Contributory factors to climate change

2.5.1 Greenhouse Gases – What are they?

Greenhouse gases such as carbon dioxide, methane, nitrous oxide and others, are a major contributor of rising temperatures. Concentrations of carbon dioxide in the atmosphere surpassed 400 parts per million in 2013. Likewise, methane and nitrous oxide concentrations are also breaking records.

These gases are released through human activities, and for the past four decades the majority of greenhouse gasses (78%) have come from industrial activity, the burning of fossil fuels for energy and livestock production.

Souce: IPCC, Climate Change 2014 – Synthesis Report

2.5.2 The Enhanced Greenhouse Effect

Sunlight passes through the earth’s atmosphere and warms the surface of the earth. Most of this heat is radiated back upwards. Gases within the Earth’s atmosphere, including carbon based greenhouse gases like carbon dioxide and methane; serve to re-absorb a large percentage of this heat and radiate in all directions. This process is known as the greenhouse effect and ensures the earth’s surface is warmed to a life-supporting average of 15 degrees Celsius.

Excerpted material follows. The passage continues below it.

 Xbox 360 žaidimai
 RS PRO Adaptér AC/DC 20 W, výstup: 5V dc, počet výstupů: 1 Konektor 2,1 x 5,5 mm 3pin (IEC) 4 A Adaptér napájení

Human activities have contributed to the extensive release of carbon based emissions, nitrous oxides and chlorofluorocarbons (CFCs). The buildup of these long lived greenhouse gases in the atmosphere has resulted an enhanced greenhouse effect; that causes more heat to be trapped and retained within the atmosphere than usual – leading to a gradual but steady rise in global surface and lower-atmospheric temperatures

The difference between the greenhouse effect and an enhanced greenhouse effect is explained in the diagram below.

2.5.3 The Albedo Effect

Albedo is the amount of light or radiation that is reflected from a surface. A surface with high albedo reflects most of the light/heat radiation and absorbs the rest, and vice versa. On Earth, the amount of light and heat reflected from the surface is a function of what is on our surface: forests, oceans, urban regions, deserts, and polar ice caps. As such changes in albedo contribute significantly to fluctuation in global temperature readings.

Bright ice and snow (high albedo) reflect 95% of heat radiation. However, with rising global temperatures, snow and ice has been melting, thus reducing the albedo for the region as previously iced over areas turn into land or ocean. This leads to a spiraling cycle known as the ice-albedo feedback.

Similarly, the clearing of forest areas results in a short term cooling effect as more radiation is reflected back into the atmosphere from the bare surface. However, because clearing of forest involves biomass combustion (remember the annual haze?), large amounts of carbon dioxide are released into the atmosphere, enhancing the greenhouse effect and contributing to long term global warming.